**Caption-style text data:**
**********

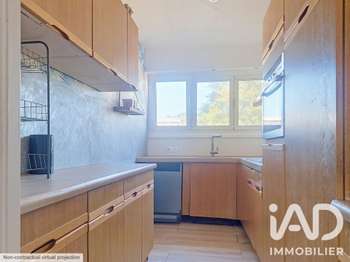 Vente appartement 4 pièces Vente appartement 4 pièces
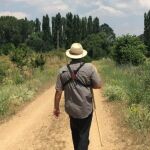 Zamora retoma sus rutas de observación de aves en las riberas del Duero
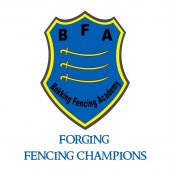 Bekking Fencing Academy business logo picture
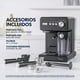 thumbnail image 2 of Cafetera PrimaLatt  automática Bvstem6604bk-013 color negro, 2 of 8
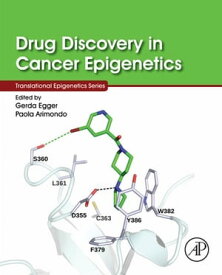 Drug Discovery in Cancer Epigenetics【電子書籍】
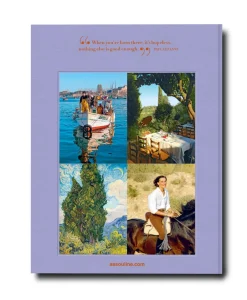 Assouline Boek Provence Glory Diversen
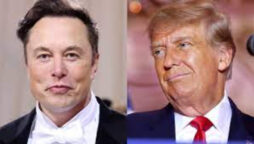 Trump’s Twitter account is restored by Musk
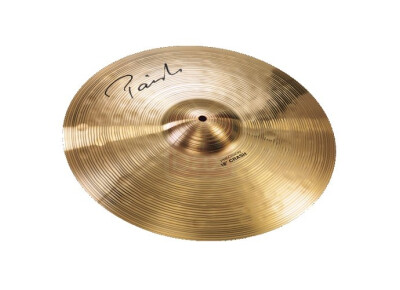 Paiste Signature Precision Crash 17"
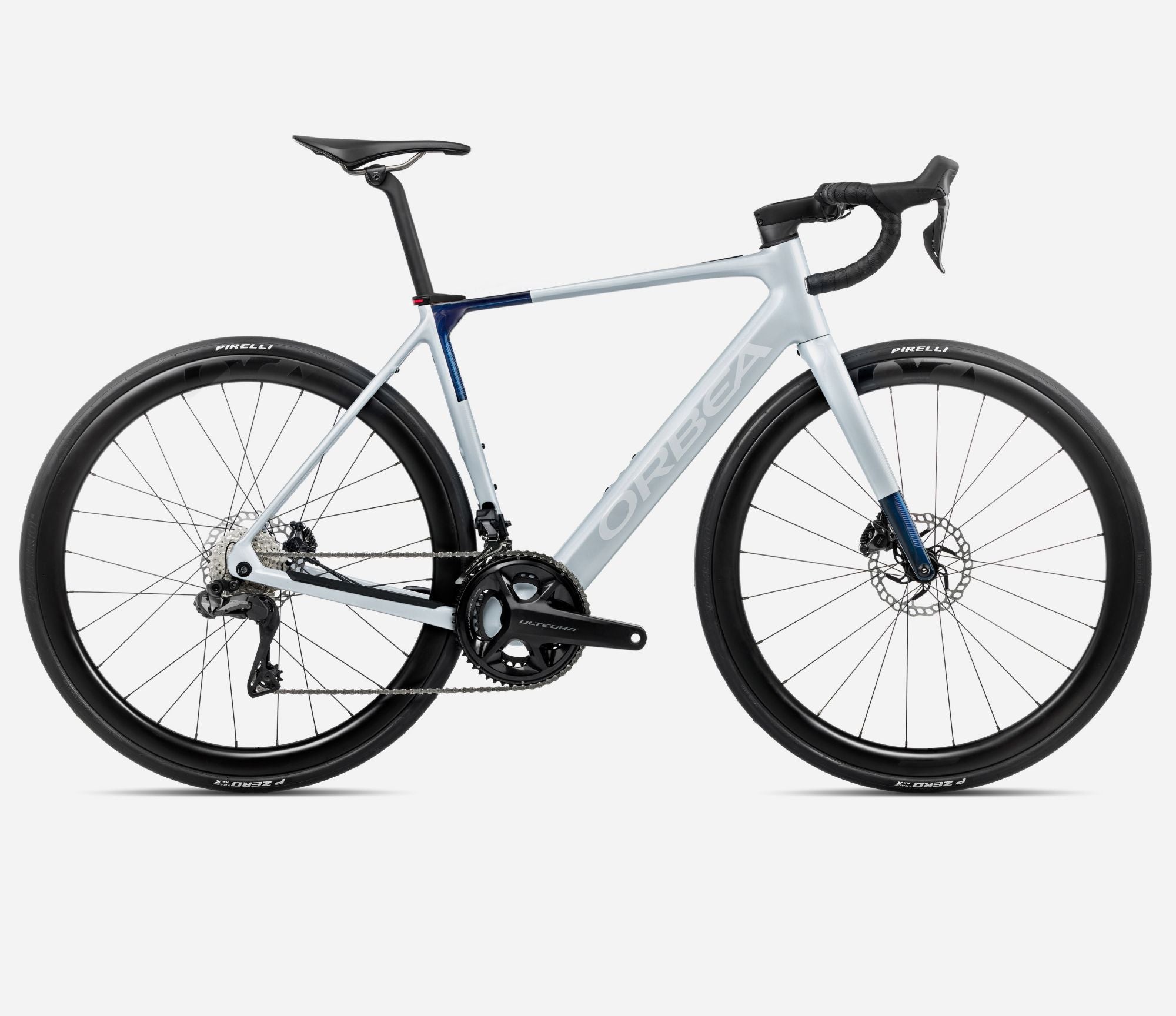 ORBEA GAIN M20i 20mph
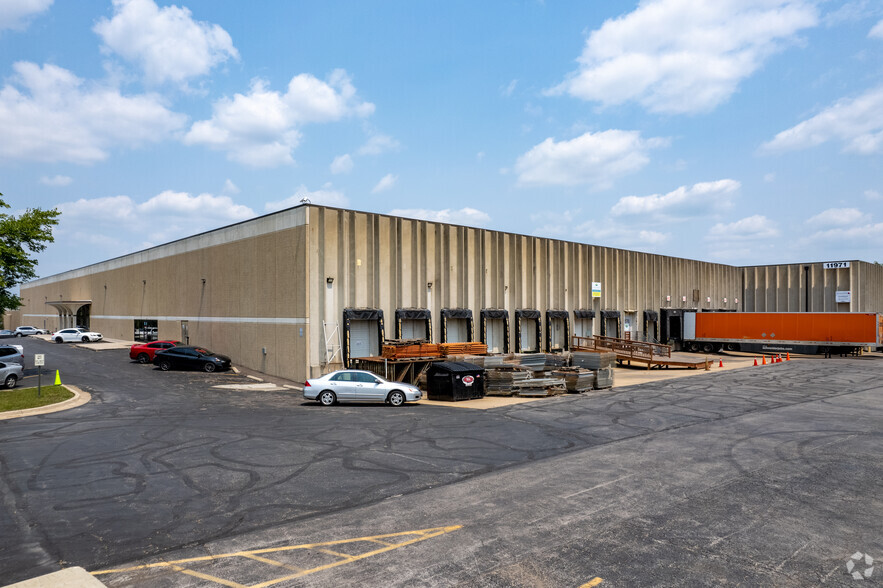 11971 Grandview Rd, Grandview, MO 64030 - Industrial for Lease | LoopNet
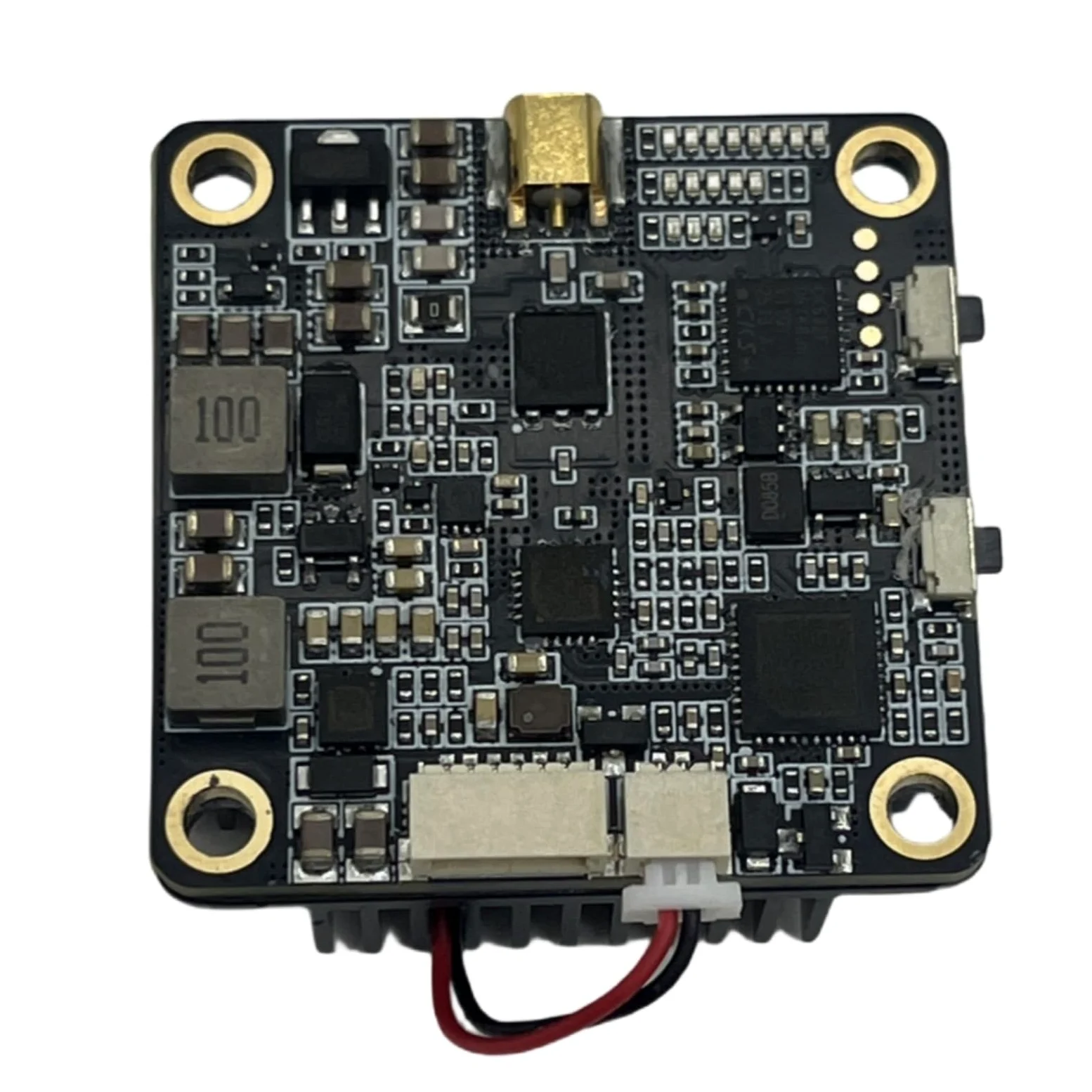 TX3000AC 5.8GHz 3000mW FPV Video Trasmettitore per Droni Racing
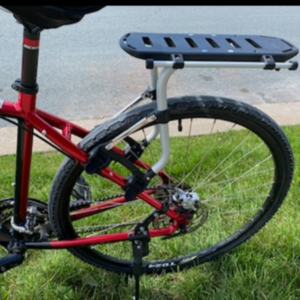 2012 Rocky Mountain Bicycles Whistler 70 Red and Black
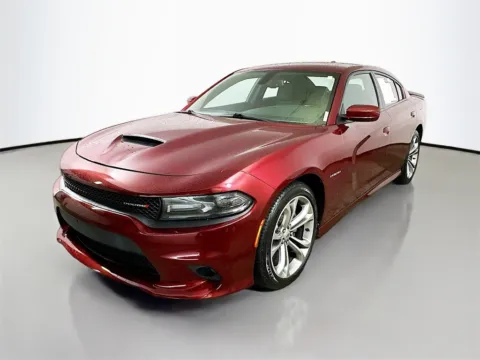 Another view of 2021 Dodge Charger R/T for sale in Summerville, SC at Automaxx of the Carolinas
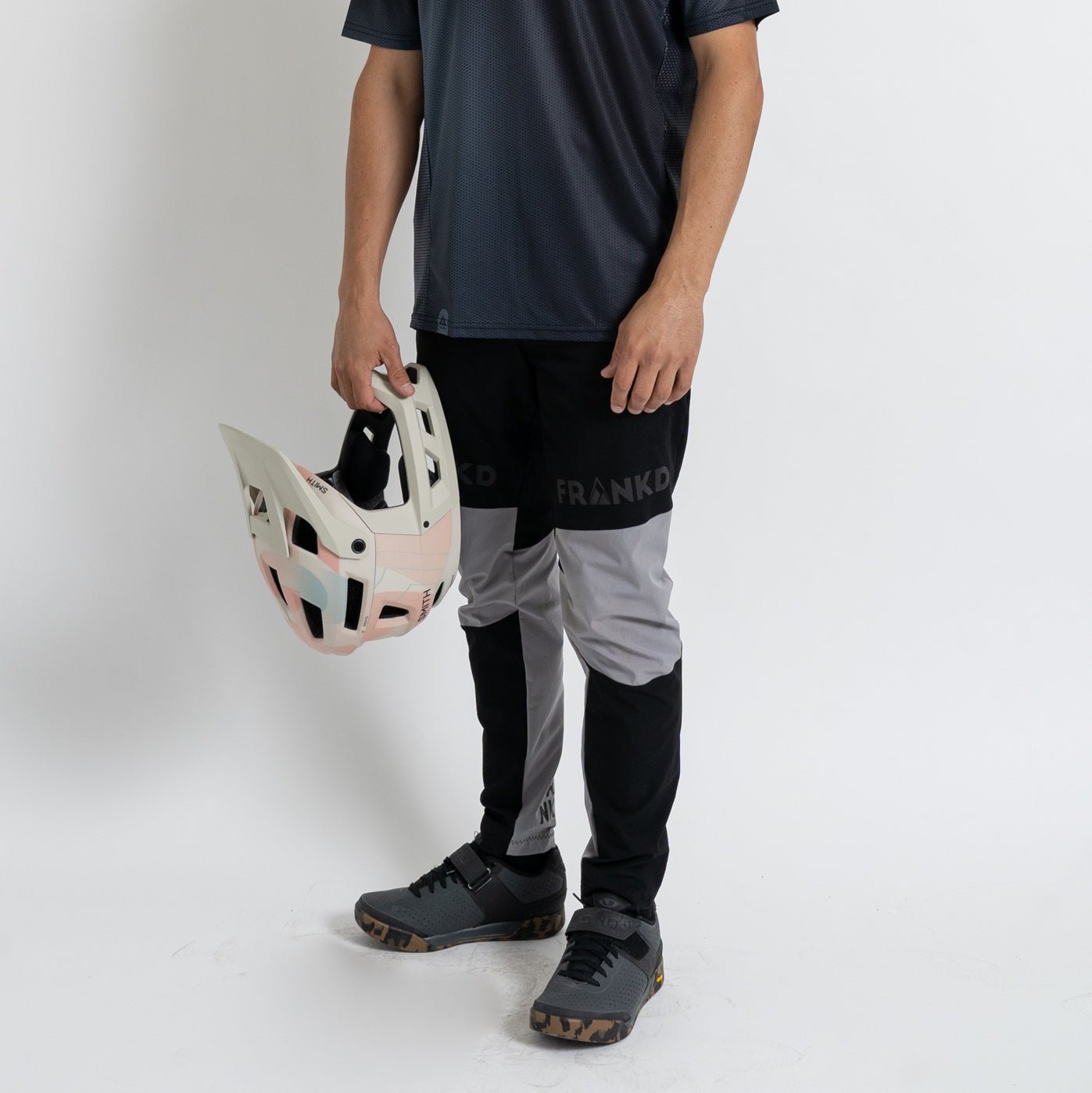 Darkside Pants - Frankd MTB Apparel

**********

**Aim of the task:**
Where the line containing "Trump’s Twitter account is restored by Musk" appears in the entries above, start there and set down every line exactly through the last one, inclusive; omit pictures.

**Output below:**
 Trump’s Twitter account is restored by Musk
 Paiste Signature Precision Crash 17"
 ORBEA GAIN M20i 20mph
 11971 Grandview Rd, Grandview, MO 64030 - Industrial for Lease | LoopNet
 TX3000AC 5.8GHz 3000mW FPV Video Trasmettitore per Droni Racing
 2012 Rocky Mountain Bicycles Whistler 70 Red and Black
 Another view of 2021 Dodge Charger R/T for sale in Summerville, SC at Automaxx of the Carolinas
 Darkside Pants - Frankd MTB Apparel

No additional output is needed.